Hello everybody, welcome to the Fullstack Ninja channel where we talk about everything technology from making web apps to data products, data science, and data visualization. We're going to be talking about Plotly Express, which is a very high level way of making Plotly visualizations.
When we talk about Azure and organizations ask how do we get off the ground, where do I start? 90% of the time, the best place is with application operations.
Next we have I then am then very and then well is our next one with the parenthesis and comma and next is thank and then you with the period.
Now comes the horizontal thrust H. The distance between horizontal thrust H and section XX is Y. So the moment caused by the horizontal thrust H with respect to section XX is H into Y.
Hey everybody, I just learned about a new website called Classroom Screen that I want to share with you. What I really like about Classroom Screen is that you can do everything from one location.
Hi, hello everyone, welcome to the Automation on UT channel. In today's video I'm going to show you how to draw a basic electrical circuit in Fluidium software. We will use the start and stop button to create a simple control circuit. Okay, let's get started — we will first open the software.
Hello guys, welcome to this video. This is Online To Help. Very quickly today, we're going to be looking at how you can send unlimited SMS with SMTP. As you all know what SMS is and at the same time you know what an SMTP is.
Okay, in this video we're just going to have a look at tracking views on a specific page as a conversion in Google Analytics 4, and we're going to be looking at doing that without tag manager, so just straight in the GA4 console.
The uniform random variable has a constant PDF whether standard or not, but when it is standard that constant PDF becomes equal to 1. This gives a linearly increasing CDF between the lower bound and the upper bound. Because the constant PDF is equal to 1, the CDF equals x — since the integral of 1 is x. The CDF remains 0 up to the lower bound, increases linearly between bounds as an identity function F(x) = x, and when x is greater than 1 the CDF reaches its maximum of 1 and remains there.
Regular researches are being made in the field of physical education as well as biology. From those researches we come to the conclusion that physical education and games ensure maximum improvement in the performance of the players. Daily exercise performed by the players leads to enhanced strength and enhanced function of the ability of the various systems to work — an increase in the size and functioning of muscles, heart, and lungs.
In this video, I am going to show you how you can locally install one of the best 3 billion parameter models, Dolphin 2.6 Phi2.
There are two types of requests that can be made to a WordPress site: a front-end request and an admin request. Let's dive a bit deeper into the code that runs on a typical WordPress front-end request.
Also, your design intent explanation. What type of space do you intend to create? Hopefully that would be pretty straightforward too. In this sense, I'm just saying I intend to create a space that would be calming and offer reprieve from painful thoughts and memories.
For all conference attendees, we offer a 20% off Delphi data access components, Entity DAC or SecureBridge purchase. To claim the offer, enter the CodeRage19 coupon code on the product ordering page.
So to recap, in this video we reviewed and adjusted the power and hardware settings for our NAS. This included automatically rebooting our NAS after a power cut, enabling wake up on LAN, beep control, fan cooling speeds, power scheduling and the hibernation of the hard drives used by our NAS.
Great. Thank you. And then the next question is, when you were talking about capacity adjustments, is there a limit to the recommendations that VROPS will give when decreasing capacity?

^^^^

> About this exercise
Take every line in the preceding listing that contains "next" and copy it.

> Completed exercise
Next we have I then am then very and then well is our next one with the parenthesis and comma and next is thank and then you with the period.
Great. Thank you. And then the next question is, when you were talking about capacity adjustments, is there a limit to the recommendations that VROPS will give when decreasing capacity?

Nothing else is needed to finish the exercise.